London Stansted welcomed the arrival of Qatar Airways Cargo today (May 2), marking the launch of the airport’s first scheduled cargo link to the Middle East and the carrier’s first scheduled freighter service into the UK.
The airline will operate five weekly flights to Britain’s third busiest cargo airport, from Hong Kong via the Qatari capital, Doha, using a Boeing 777-200 freighter. The first flight touched down at 03.40 and was welcomed to London by a water arch created by two airport fire fighting vehicles.
Graeme Ferguson, airport operator MAG’s Commercial Director for Cargo, said:
“Stansted Airport and MAG are delighted to welcome Qatar Airways’ new five times a week flights from its hub in Doha, the first scheduled cargo service by one of the Middle East’s major carriers.

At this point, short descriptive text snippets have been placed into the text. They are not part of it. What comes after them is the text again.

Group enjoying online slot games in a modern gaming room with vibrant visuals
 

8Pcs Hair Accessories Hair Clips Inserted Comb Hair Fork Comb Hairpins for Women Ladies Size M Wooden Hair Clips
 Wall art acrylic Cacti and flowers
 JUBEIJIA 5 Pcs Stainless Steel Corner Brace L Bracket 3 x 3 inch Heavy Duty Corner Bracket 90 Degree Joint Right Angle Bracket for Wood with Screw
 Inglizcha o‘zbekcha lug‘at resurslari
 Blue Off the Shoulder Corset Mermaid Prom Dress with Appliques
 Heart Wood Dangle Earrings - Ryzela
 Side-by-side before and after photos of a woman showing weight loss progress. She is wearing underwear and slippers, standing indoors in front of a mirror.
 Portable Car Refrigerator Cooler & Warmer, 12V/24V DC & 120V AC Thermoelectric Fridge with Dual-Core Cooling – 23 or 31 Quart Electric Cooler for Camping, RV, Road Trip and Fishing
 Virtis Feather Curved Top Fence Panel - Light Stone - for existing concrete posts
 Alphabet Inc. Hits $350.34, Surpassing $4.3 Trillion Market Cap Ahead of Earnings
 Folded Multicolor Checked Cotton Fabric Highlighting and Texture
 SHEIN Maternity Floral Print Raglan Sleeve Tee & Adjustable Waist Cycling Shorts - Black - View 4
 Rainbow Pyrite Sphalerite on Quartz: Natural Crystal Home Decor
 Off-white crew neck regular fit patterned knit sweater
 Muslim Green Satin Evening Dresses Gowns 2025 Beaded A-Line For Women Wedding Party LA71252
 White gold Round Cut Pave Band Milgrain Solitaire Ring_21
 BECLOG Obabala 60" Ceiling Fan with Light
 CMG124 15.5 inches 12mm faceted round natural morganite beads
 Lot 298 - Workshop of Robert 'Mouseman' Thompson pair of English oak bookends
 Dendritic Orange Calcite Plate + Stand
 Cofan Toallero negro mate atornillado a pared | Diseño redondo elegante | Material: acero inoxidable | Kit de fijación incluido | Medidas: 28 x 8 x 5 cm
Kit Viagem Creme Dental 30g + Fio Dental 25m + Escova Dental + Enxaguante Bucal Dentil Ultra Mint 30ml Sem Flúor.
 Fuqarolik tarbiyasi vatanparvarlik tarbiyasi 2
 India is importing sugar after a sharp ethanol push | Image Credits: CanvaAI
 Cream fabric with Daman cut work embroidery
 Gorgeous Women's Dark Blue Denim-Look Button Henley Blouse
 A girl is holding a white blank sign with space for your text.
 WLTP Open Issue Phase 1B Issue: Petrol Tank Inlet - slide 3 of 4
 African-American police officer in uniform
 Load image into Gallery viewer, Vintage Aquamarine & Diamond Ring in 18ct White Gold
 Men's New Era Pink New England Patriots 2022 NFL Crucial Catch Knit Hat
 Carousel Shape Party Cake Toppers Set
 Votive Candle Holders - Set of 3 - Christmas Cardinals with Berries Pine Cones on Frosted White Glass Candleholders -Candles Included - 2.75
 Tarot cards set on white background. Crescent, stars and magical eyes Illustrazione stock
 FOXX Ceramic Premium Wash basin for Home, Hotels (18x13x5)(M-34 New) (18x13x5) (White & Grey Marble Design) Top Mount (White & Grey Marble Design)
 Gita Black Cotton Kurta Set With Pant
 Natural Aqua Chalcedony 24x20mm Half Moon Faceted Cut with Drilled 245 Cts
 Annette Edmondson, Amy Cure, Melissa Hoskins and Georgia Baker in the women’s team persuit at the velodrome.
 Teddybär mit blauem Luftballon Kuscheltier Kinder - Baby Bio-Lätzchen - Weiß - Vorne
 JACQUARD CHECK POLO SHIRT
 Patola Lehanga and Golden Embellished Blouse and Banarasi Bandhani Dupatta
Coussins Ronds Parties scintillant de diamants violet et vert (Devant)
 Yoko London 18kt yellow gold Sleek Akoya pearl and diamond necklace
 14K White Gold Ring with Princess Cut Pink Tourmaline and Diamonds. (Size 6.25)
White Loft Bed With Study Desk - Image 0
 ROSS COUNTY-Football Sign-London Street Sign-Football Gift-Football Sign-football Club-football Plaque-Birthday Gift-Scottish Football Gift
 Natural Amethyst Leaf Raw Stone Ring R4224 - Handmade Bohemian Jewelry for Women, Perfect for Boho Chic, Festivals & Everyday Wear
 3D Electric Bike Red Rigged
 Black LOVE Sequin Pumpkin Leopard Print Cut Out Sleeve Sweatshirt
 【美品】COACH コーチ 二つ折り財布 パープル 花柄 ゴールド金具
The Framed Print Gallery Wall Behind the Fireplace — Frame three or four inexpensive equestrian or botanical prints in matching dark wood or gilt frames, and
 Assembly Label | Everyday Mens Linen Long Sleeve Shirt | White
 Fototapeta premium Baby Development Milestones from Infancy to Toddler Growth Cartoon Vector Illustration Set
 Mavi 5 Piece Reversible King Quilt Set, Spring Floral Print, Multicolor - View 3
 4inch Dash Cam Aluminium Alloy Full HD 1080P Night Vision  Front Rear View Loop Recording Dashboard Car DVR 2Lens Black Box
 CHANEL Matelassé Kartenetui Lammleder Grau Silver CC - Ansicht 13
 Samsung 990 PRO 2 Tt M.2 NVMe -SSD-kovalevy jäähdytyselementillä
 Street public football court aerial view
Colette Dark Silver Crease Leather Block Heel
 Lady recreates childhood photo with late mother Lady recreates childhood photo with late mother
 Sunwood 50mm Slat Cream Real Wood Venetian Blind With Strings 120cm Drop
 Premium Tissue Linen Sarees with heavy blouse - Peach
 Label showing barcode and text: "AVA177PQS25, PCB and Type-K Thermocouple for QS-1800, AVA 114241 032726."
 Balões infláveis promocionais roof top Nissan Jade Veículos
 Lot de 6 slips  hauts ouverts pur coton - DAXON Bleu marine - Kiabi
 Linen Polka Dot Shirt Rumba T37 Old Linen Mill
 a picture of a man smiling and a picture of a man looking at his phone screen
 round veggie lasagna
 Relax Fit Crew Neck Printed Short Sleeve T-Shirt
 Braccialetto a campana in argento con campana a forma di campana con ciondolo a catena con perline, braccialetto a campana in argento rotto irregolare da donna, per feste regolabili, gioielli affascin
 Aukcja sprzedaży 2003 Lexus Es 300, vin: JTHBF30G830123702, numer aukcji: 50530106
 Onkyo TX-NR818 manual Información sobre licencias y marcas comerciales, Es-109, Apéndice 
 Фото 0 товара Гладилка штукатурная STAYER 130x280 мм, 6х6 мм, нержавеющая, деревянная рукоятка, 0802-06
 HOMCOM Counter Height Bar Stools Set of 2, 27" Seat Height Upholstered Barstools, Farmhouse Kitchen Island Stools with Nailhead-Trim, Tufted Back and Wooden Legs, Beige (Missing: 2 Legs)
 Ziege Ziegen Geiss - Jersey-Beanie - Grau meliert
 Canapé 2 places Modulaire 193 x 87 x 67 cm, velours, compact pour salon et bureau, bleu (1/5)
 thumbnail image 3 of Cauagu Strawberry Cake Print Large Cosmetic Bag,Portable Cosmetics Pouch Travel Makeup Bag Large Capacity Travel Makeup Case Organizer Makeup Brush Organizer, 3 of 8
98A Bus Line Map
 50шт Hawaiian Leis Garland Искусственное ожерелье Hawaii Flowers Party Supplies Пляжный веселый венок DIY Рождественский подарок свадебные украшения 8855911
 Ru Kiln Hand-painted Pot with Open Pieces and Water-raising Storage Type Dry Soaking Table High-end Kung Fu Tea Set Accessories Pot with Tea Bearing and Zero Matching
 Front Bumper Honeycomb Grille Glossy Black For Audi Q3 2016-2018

The service will open up new markets for customers from the Middle East and beyond, as well as for businesses and exporters from across London and the eastern region.
“As the only major London gateway with capacity to support growth and economic activity, we see this service as a key milestone in our strategy for developing Stansted’s cargo operation. We are committed to ensuring that Stansted remains a cargo centre of excellence for the UK and this first service for Qatar Airways is another key step in Stansted’s service offering. We provide unrivalled operational resilience and standards of excellence, key requirements for Qatar Airways’ own service delivery model and five star airline service.”
Ulrich Ogiermann, Qatar Airways Chief Cargo Officer, said:
“Stansted Airport is a key freight airport and with this launch, we are delighted to begin our first dedicated freighter service in the United Kingdom. We are sure that this new addition will benefit the freight industry. We take this opportunity to thank the authorities at Stansted Airport for their support in enabling the commencement of our first freighter route in the UK.”
The new route is the first cargo service to be launched following the Civil Aviation Authority’s (CAA) decision in March to remove Stansted from economic price regulation. Following a two-year review, the CAA concluded that Stansted did not have substantial market power in its cargo operations and that it should be free from regulation to compete with other airports for cargo services.